- _Assigned task_
From the line containing "2017 Rockwood By" through the last line of the data, both ends included, write out every line exactly; omit the pictures.

- _Supplied information_
>>>
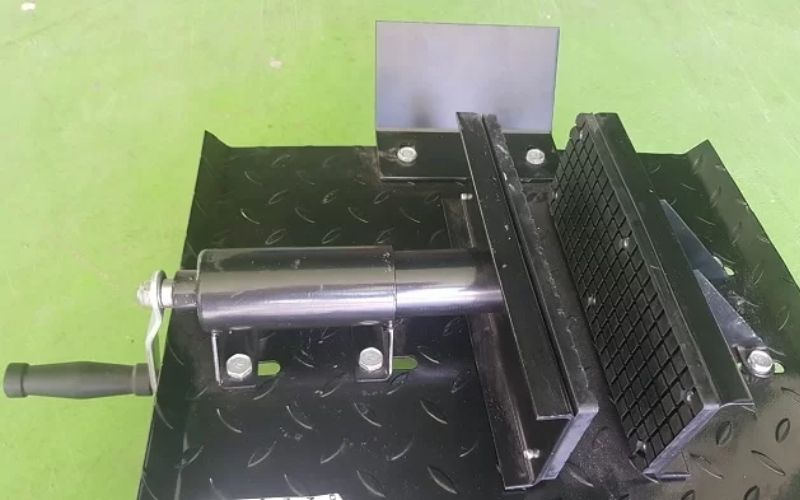 Xe nâng xe máy nhập khẩu giá tốt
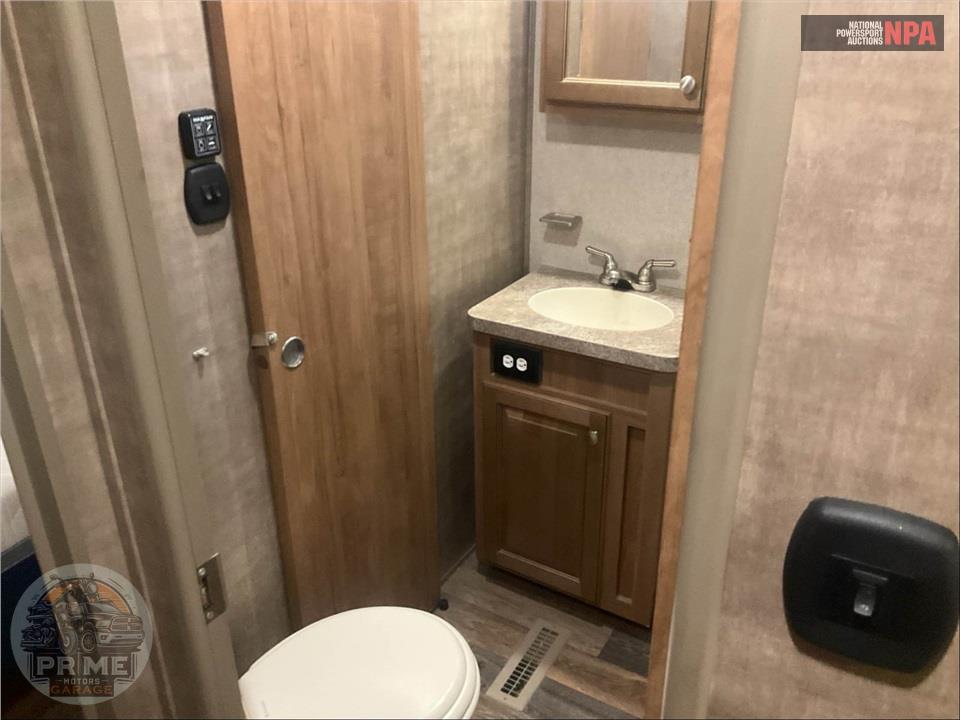 2017 Rockwood By Forest River M-8288WSA - SIGNATURE ULTRA LITE FIFTH WHEEL SERIES — фото 15
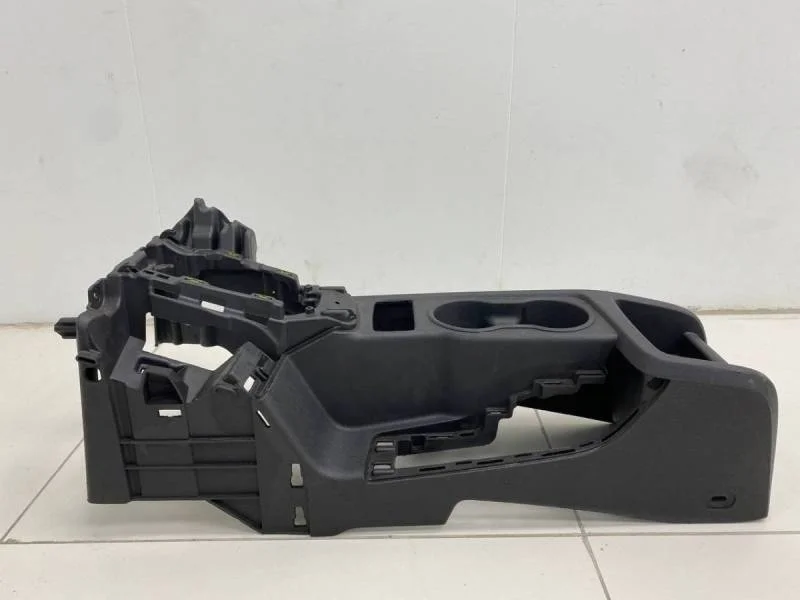 Консоль центральная Ford Focus 3 2011>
<<<
- _Problem solution_
 2017 Rockwood By Forest River M-8288WSA - SIGNATURE ULTRA LITE FIFTH WHEEL SERIES — фото 15
 Консоль центральная Ford Focus 3 2011>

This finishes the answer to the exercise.